Gradient boosting
Overview
Teaching: 20 min
Exercises: 10 minQuestions
What is the state of the art in tree models?
Objectives
Train gradient boosted models.
Visualise the decision boundaries.
Gradient boosting
Last, but not least, we move on to gradient boosting. Gradient boosting, our last topic, elegantly combines concepts from the previous methods. As a “boosting” method, gradient boosting involves iteratively building trees, aiming to improve upon misclassifications of the previous tree. Gradient boosting also borrows the concept of sub-sampling the variables (just like Random Forests), which can help to prevent overfitting.

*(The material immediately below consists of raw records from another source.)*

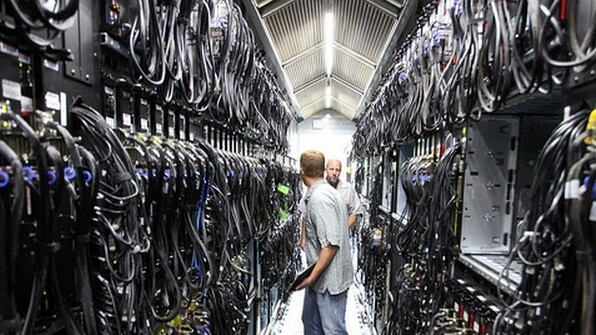 Azure takes its IaaS service into general availability, makes new promise to match Amazon’s AWS pricing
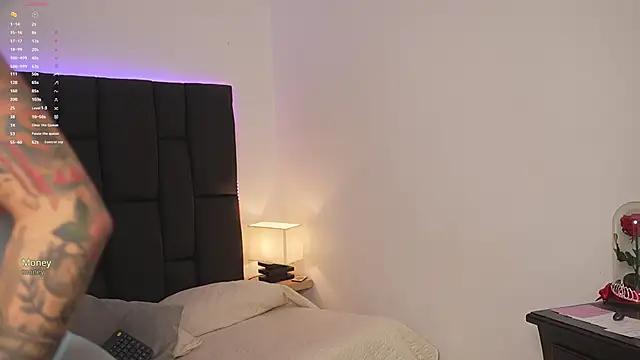 Customizable and immersive - Activate your taste buds and check-out our delicious choice of bondage cams streams with excited models getting their amazing bodies screwed with their beloved sex toys.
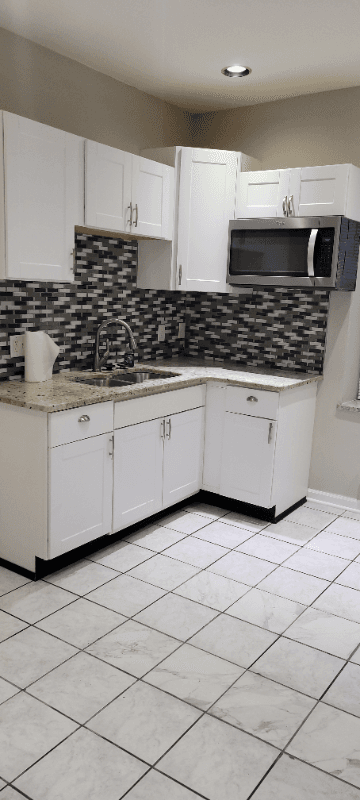 Saint Louis Townhome: 5760 Theodosia Ave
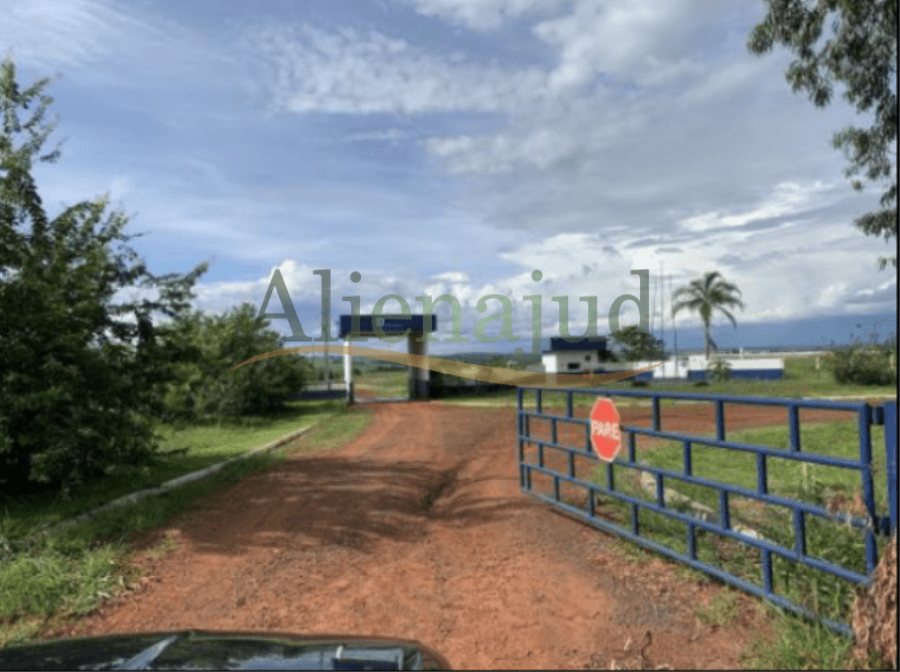 Foto 3 de 6: Area Rural em leilão em Uberaba - MG — Uma propriedade rural com área de 43,0494 hectares Propriedades rurais de 19,3971 e 43,0494 hec. - Uberaba/MG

While it is too much to express in this tutorial, the biggest innovation in gradient boosting is that it provides a unifying mathematical framework for boosting models. The approach explicitly casts the problem of building a tree as an optimization problem, defining mathematical functions for how well a tree is performing (which we had before) and how complex a tree is. In this light, one can actually treat AdaBoost as a “special case” of gradient boosting, where the loss function is chosen to be the exponential loss.
Let’s build a gradient boosting model.
np.random.seed(321)
mdl = ensemble.GradientBoostingClassifier(n_estimators=10)
mdl = mdl.fit(x_train.values, y_train.values)
plt.figure(figsize=[9,5])
txt = 'Gradient boosted tree (final decision surface)'
glowyr.plot_model_pred_2d(mdl, x_train, y_train, title=txt)
Key Points
As a “boosting” method, gradient boosting involves iteratively building trees, aiming to improve upon misclassifications of the previous tree.
Gradient boosting also borrows the concept of sub-sampling the variables (just like Random Forests), which can help to prevent overfitting.
The performance gains come at the cost of interpretability.